Technology and Innovation

Distributed Generation

Distributed generation (DG) – small-scale power generation near the point of consumption, such as a home with a rooftop solar array – has the potential to revolutionize the electric utility industry. We are actively preparing for the investments in the grid that lie ahead to support development and deployment of these technologies onto the grid.

Net Energy Metering

AEP recognizes the natural maturity of the distributed generation (DG) market but also has an obligation to advocate for fair and equitable rate recovery to support the ongoing reliability of the electric grid.

Public policies and rate structures put in place to encourage early development of DG have led to unintended consequences that must be addressed. The Energy Policy Act of 2005 required state utility commissions to consider enacting special rates to encourage growth of renewable DG. As a result, states adopted a series of mechanisms, including net energy metering (NEM) tariffs, to accommodate that directive.

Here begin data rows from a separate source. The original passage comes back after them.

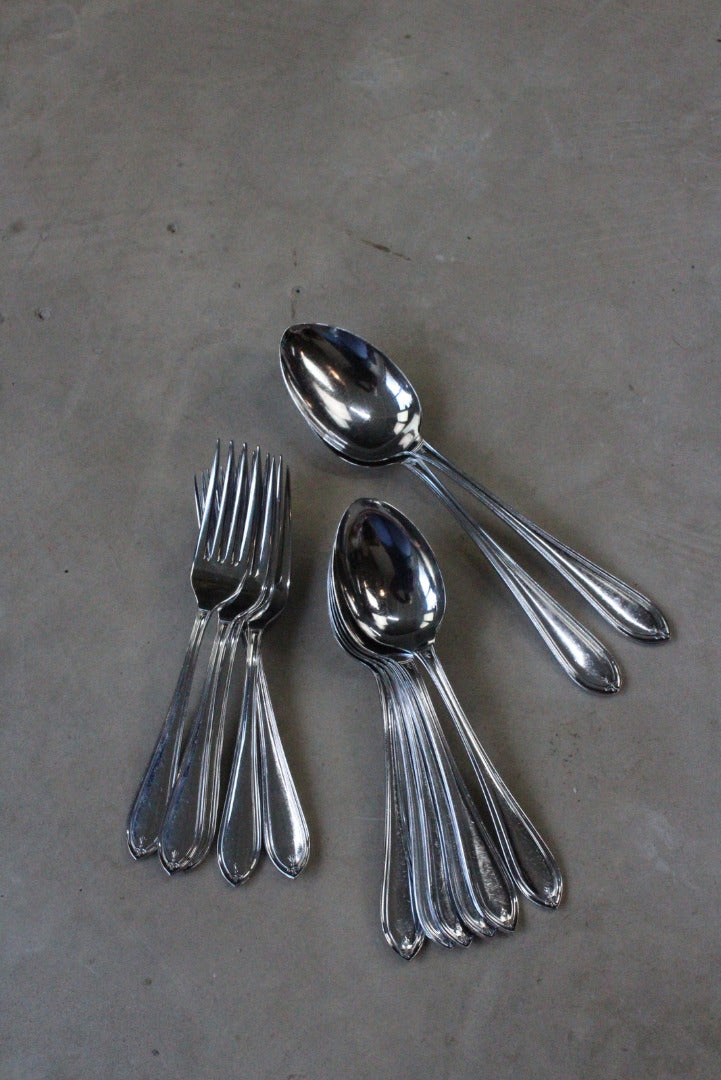 Chromium Plate Dessert Cutlery Set - Kernow Furniture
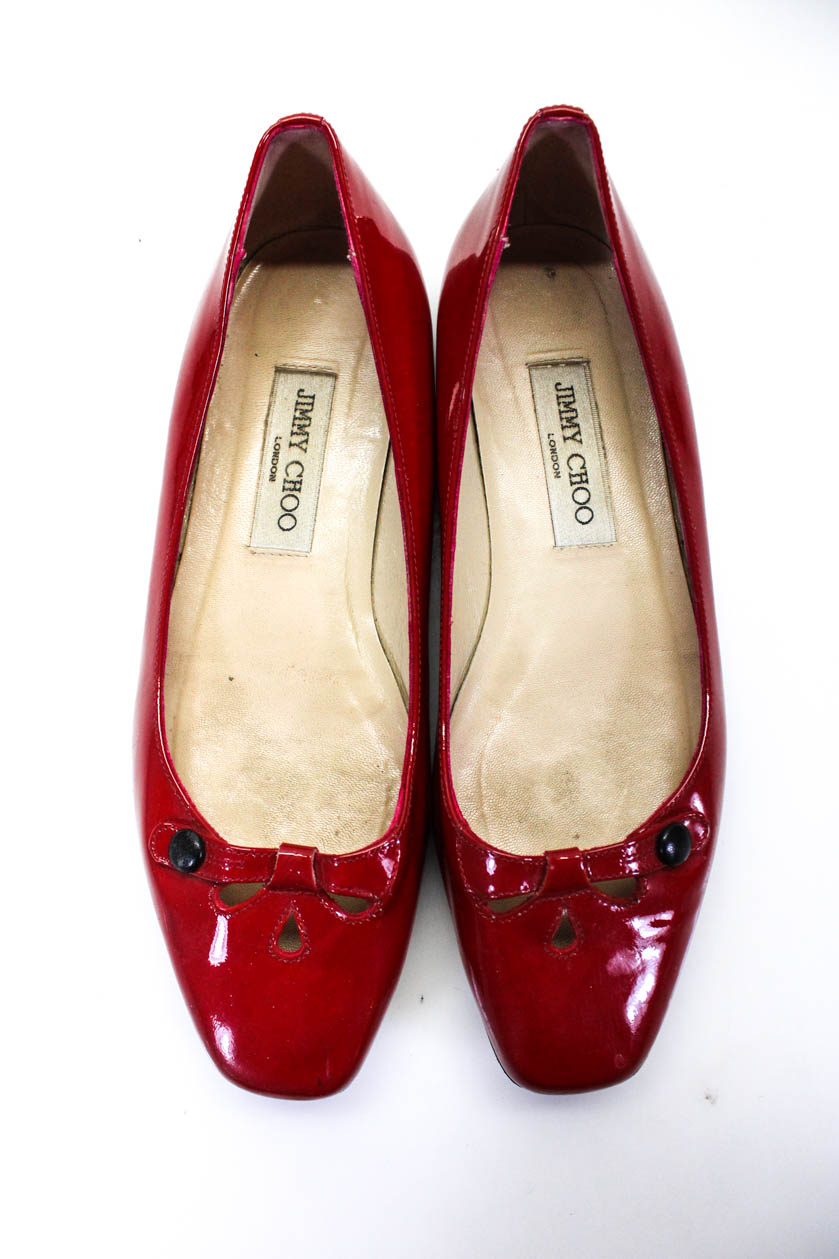 Jimmy Choo Womens Patent Leather Square Cutout Ballet Flats Shoes Red ...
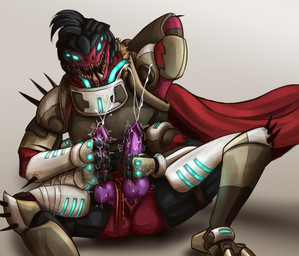 2_penises 4_arms 4_eyes animal_genitalia anthro armor ejaculation genitals knot male masturbation multi_arm multi_eye multi_genitalia multi_limb multi_penis penis solo sadboygum1 bungie destiny_(series) arikus alien eliksni hi_res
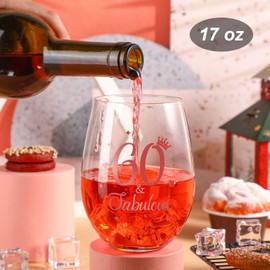 Stammlos Weinglas Roségold Geburtstag Weinglas Geschenk Jubiläum Gläser für Mann Frauen Geburtstag Party Hochzeit Jahrestag Dekorationen, 17 Unzen (60 and Fabulous)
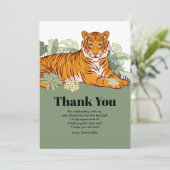 Tijger bedankkaart, groet partij dier oerwoud kaart (Staand voorkant)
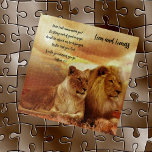 Puzzle Verso de la biblia de la broma de león<br><div class="desc">Rompecabezas del León Regal y de la Leona,  con la escritura Josué 1:9 "¿No te he mandado? Sean fuertes y valientes; no temáis ni os desmayéis,  porque Jehovah vuestro Dios está contigo a donde vayas. Tonos marrones y dorados. ¡Una escritura motivadora para reclamar por tu vida!</div>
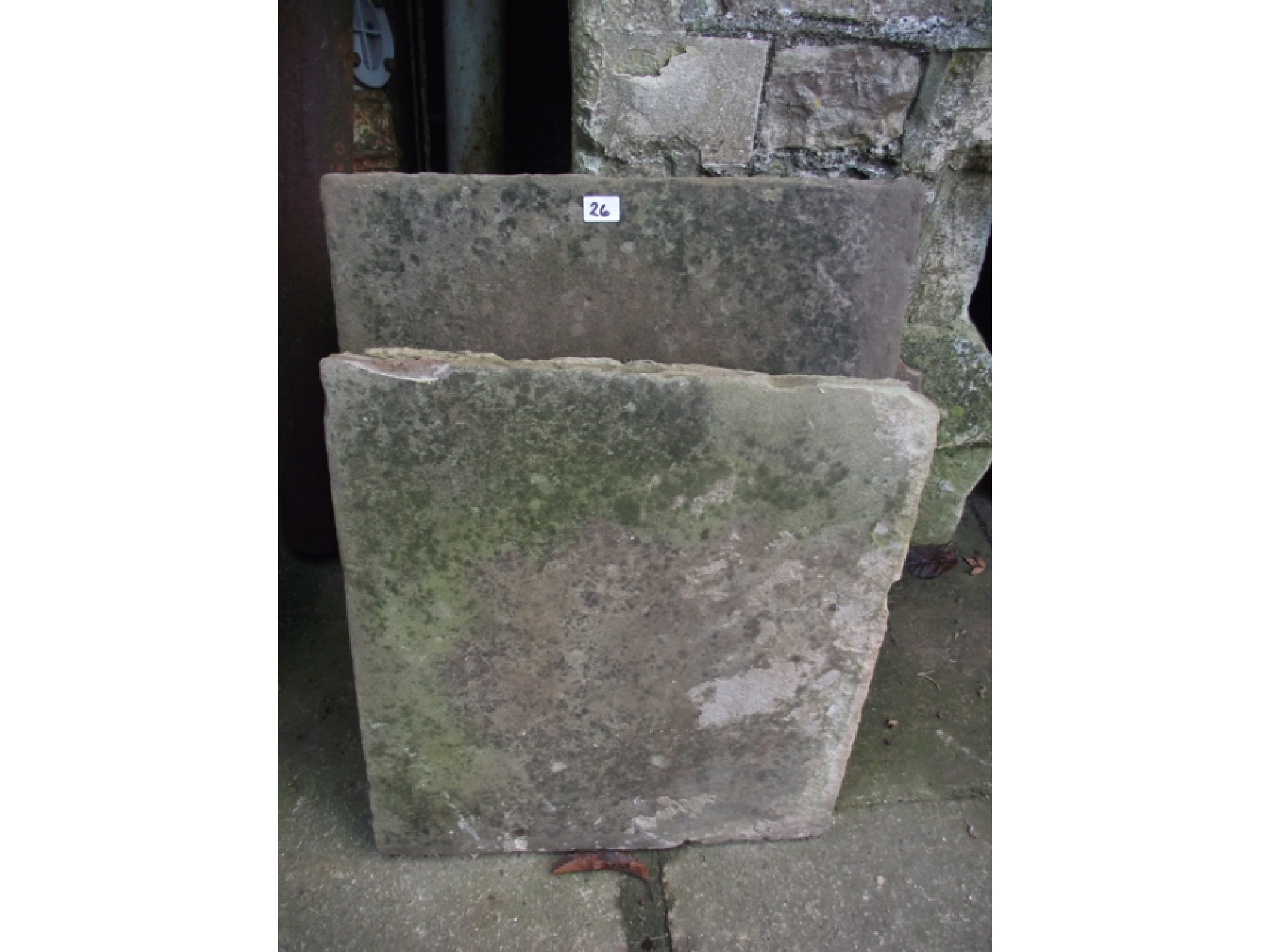 Appraisal: Eight weathered reclaimed flagstones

Net energy metering arrangements typically use a single meter to “net” the amount of energy produced by a DG consumer against the amount of energy used by that customer. NEM tariffs typically credit DG consumers at the full retail rate. This rate not only includes the costs associated with the energy itself, but also the fixed costs associated with serving customers, such as the distribution and transmission infrastructure and generation stand-by capacity. Thus, when DG customers are credited at the full retail rate under NEM tariffs, they avoid paying their fair share of these fixed costs for services that they use from the grid.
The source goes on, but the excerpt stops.